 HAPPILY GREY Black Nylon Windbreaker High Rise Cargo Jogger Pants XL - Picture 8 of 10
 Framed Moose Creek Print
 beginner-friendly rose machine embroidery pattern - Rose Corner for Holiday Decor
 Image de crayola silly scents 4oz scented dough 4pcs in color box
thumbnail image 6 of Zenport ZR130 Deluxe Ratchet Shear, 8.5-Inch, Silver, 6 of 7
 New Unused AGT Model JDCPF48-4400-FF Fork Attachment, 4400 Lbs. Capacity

#####

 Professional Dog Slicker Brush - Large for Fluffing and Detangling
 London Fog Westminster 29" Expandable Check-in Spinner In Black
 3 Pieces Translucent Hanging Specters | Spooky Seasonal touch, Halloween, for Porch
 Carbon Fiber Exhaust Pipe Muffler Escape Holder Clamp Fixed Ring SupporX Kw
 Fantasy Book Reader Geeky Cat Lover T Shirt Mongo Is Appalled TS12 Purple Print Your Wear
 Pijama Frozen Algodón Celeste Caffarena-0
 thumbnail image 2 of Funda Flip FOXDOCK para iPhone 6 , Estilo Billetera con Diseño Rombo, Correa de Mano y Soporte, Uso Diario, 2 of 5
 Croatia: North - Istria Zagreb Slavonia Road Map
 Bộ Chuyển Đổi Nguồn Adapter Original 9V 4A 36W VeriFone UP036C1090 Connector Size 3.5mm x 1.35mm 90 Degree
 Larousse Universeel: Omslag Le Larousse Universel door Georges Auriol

#####

*Required action*
Copy the entries above exactly, but only from the line holding "Fantasy Book Reader" through the line holding "Pijama Frozen Algodón Celeste Caffarena-0", both included.

*Reply to the exercise*
 Fantasy Book Reader Geeky Cat Lover T Shirt Mongo Is Appalled TS12 Purple Print Your Wear
 Pijama Frozen Algodón Celeste Caffarena-0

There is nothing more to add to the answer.